Here's an easy way to tell if an instruction has any operands, and if so, how many... Open up Pugsy's 68000 list and find your instruction. We'll use your code address for Lotus II RECS (inf time) as an example. The original instruction at the ROM address is 536C. In Pugsy's guide, it shows that it's: subq.w #1, (-$5520,A4) 536C AAE0. We know that it's subtracting 1 from the clock, and we want to kill it (jump over it) so we'll have infinite time. If you look at our instruction in Pugsy's guide, on the far right side it shows the hex number of the code (536C), with AAE0 after it. The AAE0 tells us it has one operand (2 bytes), so we would use 6002 to branch (jump) over it. Lets say the instruction was 5379... on the far right side of Pugsy's guide it shows: 5379 88B0 99C0. The 88B0 99C0 tells us there are 2 operands (4 bytes), so we would use 6004 to branch (jump) over it. If the instruction was 5340, Pugsy's guide shows on the far right side: 5340. No operands, so use 4E71 to jump over it.

Wow, awesome!
Thanks for putting it in plain english that I could understand ^.^
Also thanks for telling me the ones most used, I was starting to figure out for the Game Gear by looking at other peoples codes.

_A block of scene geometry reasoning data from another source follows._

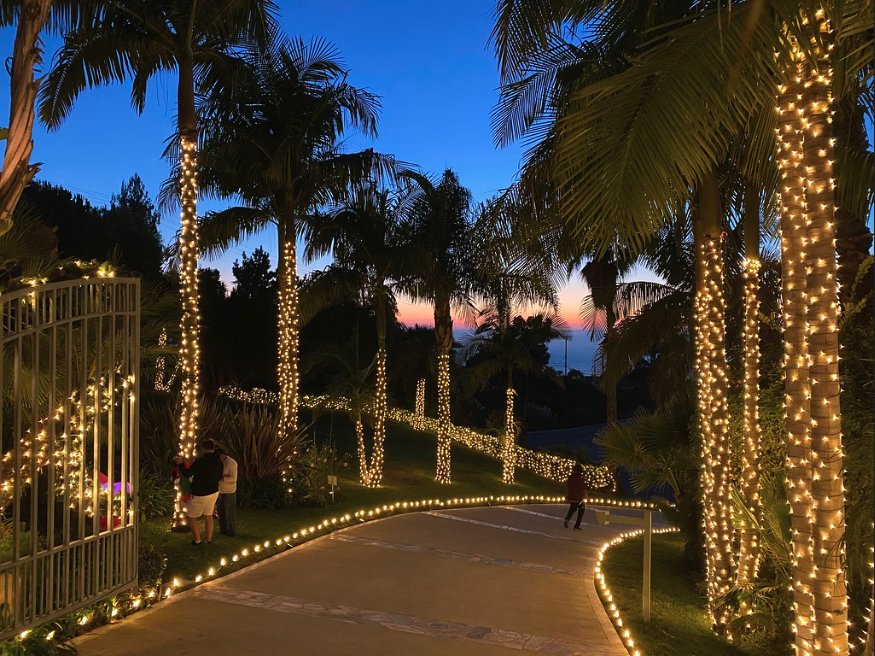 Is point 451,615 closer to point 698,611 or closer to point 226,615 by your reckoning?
point 226,615

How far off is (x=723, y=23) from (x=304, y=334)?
3727 cm

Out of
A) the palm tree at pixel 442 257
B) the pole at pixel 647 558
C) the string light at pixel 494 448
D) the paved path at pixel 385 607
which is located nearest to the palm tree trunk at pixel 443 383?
the palm tree at pixel 442 257

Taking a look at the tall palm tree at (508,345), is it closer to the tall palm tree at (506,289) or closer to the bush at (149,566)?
the tall palm tree at (506,289)

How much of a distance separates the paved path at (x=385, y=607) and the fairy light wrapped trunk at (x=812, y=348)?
243cm

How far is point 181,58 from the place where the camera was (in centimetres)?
1203

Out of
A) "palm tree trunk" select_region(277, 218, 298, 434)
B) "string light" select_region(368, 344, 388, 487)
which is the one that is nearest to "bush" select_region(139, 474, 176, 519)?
"palm tree trunk" select_region(277, 218, 298, 434)

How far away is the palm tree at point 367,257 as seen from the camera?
19359mm

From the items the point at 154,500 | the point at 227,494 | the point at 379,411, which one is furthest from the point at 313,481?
the point at 227,494

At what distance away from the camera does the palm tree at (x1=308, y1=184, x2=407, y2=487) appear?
762 inches

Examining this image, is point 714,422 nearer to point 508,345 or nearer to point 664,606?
point 664,606

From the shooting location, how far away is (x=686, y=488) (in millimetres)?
13305

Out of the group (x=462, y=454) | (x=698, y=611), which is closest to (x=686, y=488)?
(x=698, y=611)

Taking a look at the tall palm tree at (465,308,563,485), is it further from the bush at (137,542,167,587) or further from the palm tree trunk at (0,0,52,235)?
the palm tree trunk at (0,0,52,235)

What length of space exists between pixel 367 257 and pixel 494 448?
19.5 m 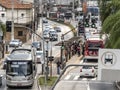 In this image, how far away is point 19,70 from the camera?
40312mm

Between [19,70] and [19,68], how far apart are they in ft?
0.50

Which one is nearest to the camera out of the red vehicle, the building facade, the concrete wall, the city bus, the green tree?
the concrete wall

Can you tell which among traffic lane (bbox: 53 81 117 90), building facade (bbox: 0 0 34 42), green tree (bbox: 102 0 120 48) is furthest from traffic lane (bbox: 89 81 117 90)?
building facade (bbox: 0 0 34 42)

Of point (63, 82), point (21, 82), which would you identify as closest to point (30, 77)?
point (21, 82)

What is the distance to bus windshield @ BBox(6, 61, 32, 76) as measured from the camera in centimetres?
4009

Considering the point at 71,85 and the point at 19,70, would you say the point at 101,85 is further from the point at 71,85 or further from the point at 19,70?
the point at 19,70

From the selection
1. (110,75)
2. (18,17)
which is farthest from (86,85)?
(18,17)

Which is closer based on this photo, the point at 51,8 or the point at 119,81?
the point at 119,81

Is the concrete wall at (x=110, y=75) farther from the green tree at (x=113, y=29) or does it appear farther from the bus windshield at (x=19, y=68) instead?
the bus windshield at (x=19, y=68)

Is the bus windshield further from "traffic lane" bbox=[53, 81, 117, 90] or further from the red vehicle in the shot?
"traffic lane" bbox=[53, 81, 117, 90]

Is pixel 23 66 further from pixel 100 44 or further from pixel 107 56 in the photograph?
pixel 107 56

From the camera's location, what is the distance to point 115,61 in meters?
10.5

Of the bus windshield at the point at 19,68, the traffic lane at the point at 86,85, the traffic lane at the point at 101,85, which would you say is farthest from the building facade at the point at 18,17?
the traffic lane at the point at 101,85

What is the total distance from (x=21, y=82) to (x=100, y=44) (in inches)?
771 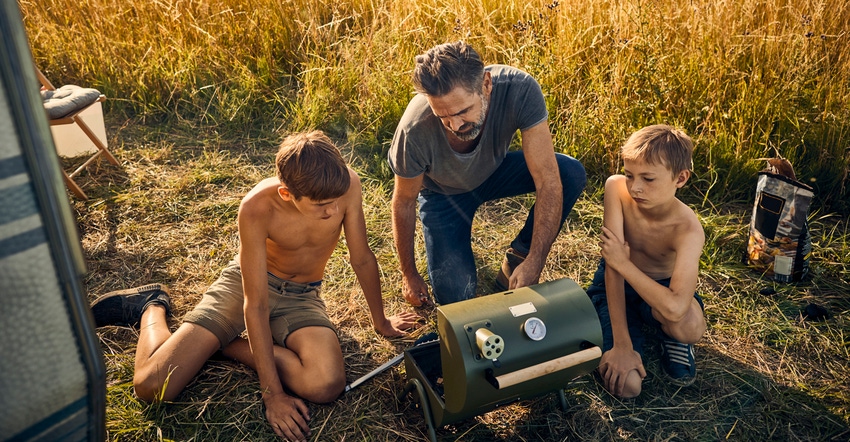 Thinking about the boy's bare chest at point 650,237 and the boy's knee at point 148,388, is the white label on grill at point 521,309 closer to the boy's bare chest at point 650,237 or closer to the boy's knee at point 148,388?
the boy's bare chest at point 650,237

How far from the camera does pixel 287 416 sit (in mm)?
2791

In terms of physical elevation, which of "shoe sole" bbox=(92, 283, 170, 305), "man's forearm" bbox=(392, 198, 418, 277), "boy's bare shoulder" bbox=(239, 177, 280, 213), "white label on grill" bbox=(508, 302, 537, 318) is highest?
"boy's bare shoulder" bbox=(239, 177, 280, 213)

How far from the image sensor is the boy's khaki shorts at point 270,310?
3.12 meters

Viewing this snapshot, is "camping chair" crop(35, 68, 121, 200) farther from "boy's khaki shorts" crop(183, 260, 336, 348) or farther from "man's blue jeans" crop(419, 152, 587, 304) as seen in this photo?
"man's blue jeans" crop(419, 152, 587, 304)

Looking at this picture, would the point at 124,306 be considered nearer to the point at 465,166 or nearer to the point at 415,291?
the point at 415,291

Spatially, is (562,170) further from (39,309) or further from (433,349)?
(39,309)

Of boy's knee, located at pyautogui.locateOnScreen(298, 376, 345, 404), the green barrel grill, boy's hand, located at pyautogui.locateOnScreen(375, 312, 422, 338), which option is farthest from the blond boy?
boy's knee, located at pyautogui.locateOnScreen(298, 376, 345, 404)

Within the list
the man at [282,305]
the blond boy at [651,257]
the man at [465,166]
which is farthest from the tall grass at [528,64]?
the man at [282,305]

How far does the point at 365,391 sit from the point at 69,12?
17.9ft

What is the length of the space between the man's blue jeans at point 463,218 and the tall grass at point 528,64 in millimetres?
1093

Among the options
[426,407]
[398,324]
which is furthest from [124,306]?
[426,407]

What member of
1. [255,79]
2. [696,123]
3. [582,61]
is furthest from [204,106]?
[696,123]

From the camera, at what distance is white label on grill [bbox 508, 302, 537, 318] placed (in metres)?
2.31

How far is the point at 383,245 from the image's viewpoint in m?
4.30
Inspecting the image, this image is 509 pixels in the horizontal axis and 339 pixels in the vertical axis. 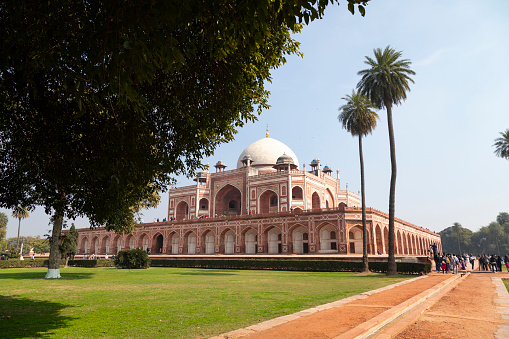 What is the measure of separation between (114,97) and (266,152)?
4671cm

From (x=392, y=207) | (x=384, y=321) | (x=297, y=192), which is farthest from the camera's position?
(x=297, y=192)

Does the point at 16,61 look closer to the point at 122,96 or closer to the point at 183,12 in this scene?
the point at 122,96

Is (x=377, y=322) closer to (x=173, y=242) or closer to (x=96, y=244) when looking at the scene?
(x=173, y=242)

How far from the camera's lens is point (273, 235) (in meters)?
39.2

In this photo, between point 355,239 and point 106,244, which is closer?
point 355,239

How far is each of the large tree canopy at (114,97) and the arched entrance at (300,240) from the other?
1191 inches

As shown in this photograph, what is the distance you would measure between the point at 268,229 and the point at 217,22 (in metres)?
35.6

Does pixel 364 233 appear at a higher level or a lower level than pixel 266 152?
lower

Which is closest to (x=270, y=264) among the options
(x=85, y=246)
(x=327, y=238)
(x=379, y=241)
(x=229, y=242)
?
(x=327, y=238)

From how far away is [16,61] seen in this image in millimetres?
5273

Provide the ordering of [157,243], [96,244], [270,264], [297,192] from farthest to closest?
[96,244] < [157,243] < [297,192] < [270,264]

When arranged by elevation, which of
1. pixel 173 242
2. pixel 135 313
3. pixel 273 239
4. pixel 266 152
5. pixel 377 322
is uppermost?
pixel 266 152

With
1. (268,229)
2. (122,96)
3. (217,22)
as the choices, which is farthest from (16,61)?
(268,229)

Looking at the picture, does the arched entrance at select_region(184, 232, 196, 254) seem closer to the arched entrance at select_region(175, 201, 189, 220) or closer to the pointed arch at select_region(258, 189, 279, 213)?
the arched entrance at select_region(175, 201, 189, 220) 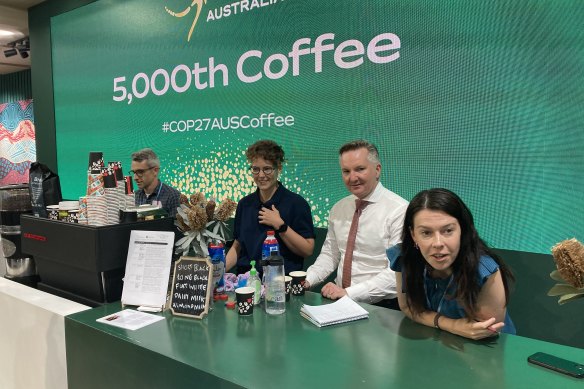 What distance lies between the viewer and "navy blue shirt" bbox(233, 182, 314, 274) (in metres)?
2.78

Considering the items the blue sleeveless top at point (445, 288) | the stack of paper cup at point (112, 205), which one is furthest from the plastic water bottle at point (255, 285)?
the stack of paper cup at point (112, 205)

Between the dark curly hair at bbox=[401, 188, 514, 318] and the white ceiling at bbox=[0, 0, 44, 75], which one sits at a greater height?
the white ceiling at bbox=[0, 0, 44, 75]

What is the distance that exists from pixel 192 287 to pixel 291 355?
1.89ft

I take it the Sega CD uses 68000 also, 'cause I just used the info you posted above successfully.
Here's the example I tried from what you posted.

I found the RAM code for a 'Press Start To Continue' timer decreasing for Cliffhanger.
Used CE to get the ROM address (the byte that's highlighted in the below picture).
Like you've mentioned, I have to go backwards 2 bytes.
So I search the txt document for F176 and there are no results.
So I then tried going back 2 more bytes and searched for 0007.
Success! And after what it found I see 2 bytes.
I replaced the 0007 with 6002 and it successfully worked (Infinite Time To Continue >.<).



So thanks a whole lot, I've learned a lot thanks to another one of your great guides!

It looks like the F176 and 0007 are operands. The 5379 (before those) is the instruction. 5379 = subq.w #1. Pugsy's guide shows that 5379 has 2 operands (4 bytes), so if you replace the 5379 with 6004, you should get inf time. Your code worked because you changed one of the operands, which changed the address that's getting subtracted from.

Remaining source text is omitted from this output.